— Your objective —
Please reproduce the entries below exactly, leaving the pictures out.

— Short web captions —
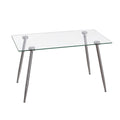 Glass Dining Table, Modern Rectangular Table With Tempered Glass Tabletop & Sliver Metal Legs, Simplistic Kitchen Table, 51 X 27.5 X 29.5 Inch, Versatile Table For Home Office Transparent Glass
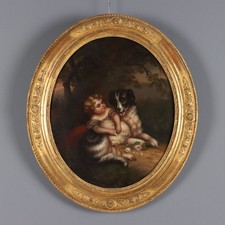 Tableau Ancien Fille avec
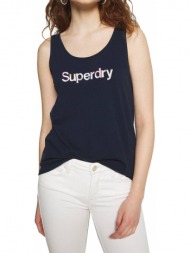 top superdry swiss logo emb classic vest w6010056a σκουρο μπλε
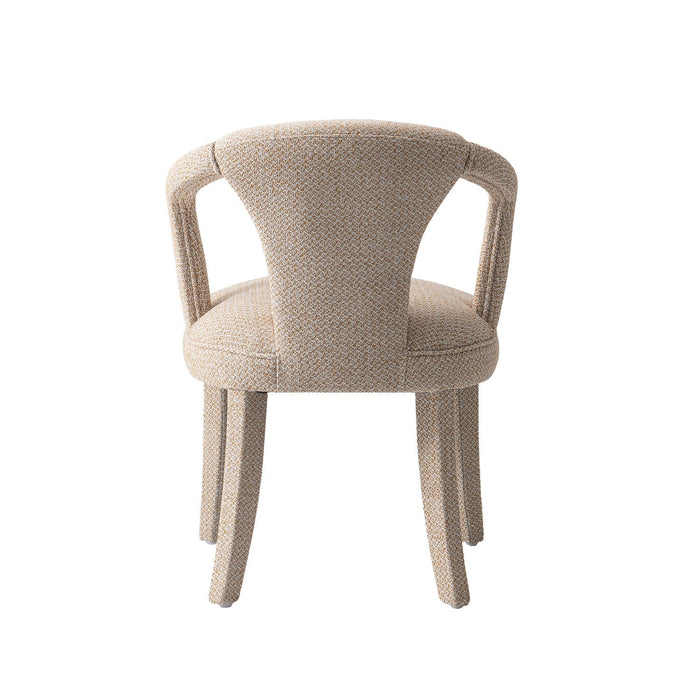Palmer Mid-Century Modern Upholstered Tweed Armchair in Gold Dust Dining Chair 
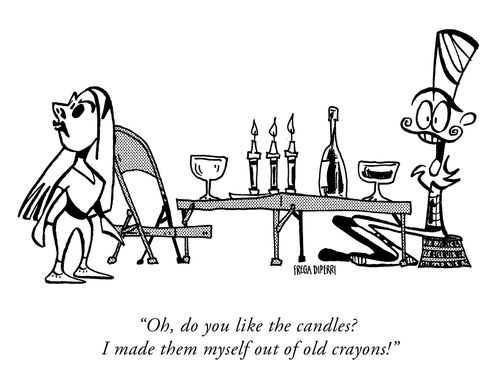 "Oh, do you like the candles? I made them myself our of old crayons!"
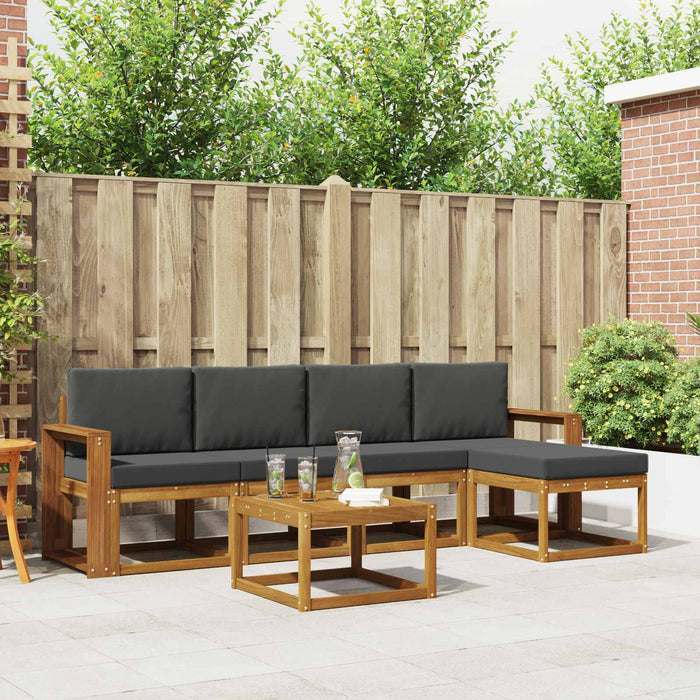 Set de canapele de exterior cu pernă 6 pcs Natural și Antracit WALTI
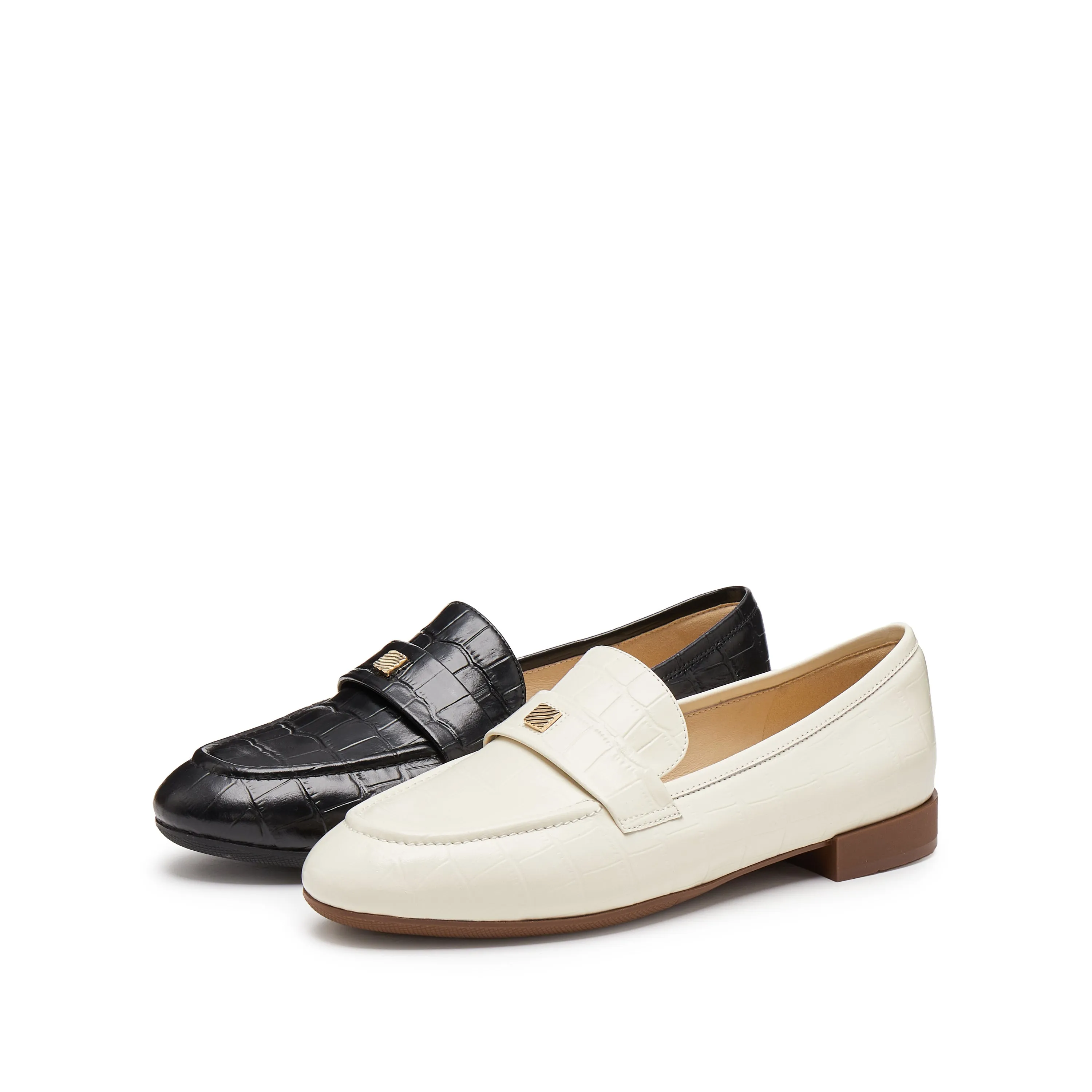 Black Embossed Minimal Loafers With Golden Square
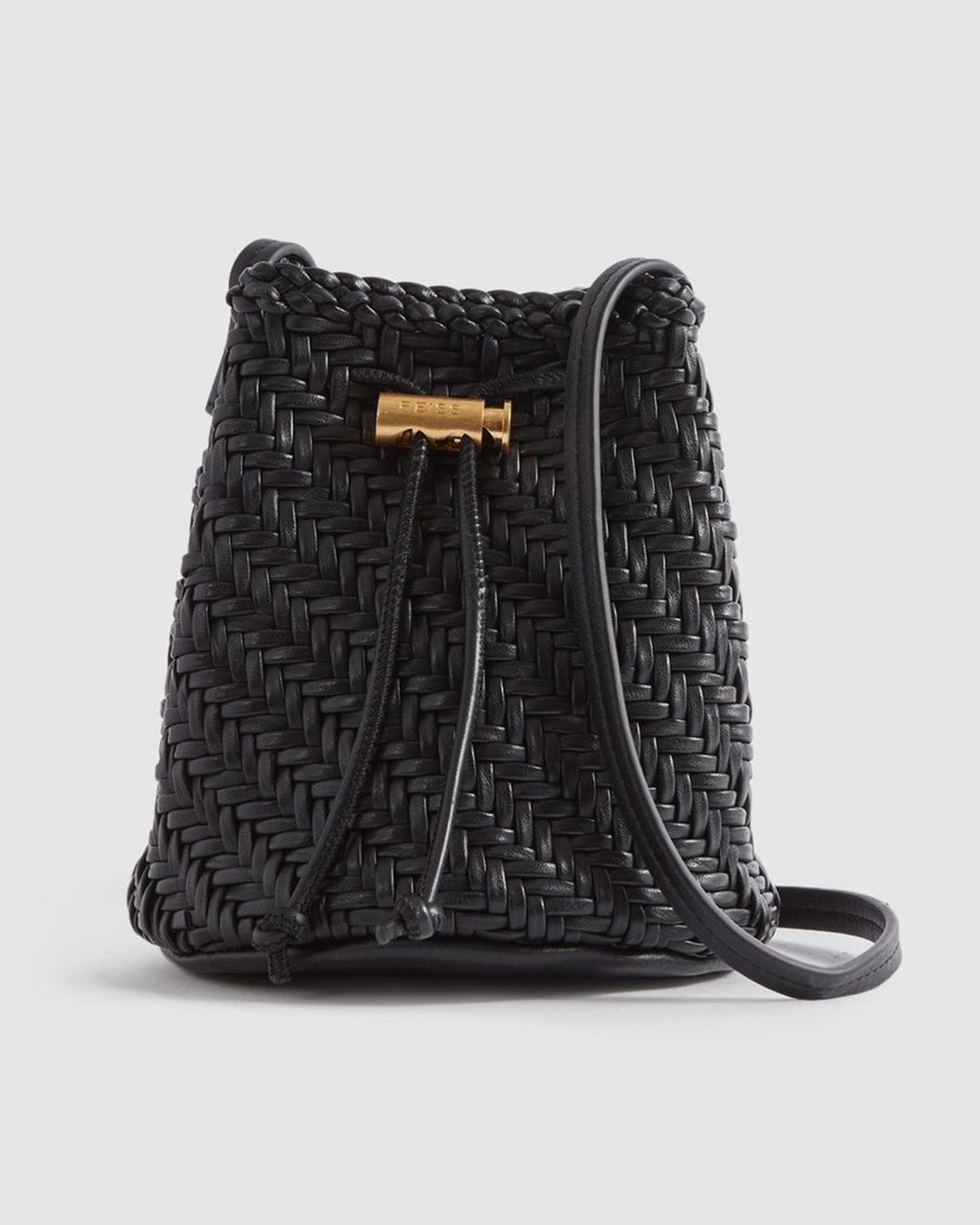 Woven Leather Bucket Bag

— Answer to this task —
 Glass Dining Table, Modern Rectangular Table With Tempered Glass Tabletop & Sliver Metal Legs, Simplistic Kitchen Table, 51 X 27.5 X 29.5 Inch, Versatile Table For Home Office Transparent Glass
 Tableau Ancien Fille avec
 top superdry swiss logo emb classic vest w6010056a σκουρο μπλε
Palmer Mid-Century Modern Upholstered Tweed Armchair in Gold Dust Dining Chair 
 "Oh, do you like the candles? I made them myself our of old crayons!"
 Set de canapele de exterior cu pernă 6 pcs Natural și Antracit WALTI
 Black Embossed Minimal Loafers With Golden Square
 Woven Leather Bucket Bag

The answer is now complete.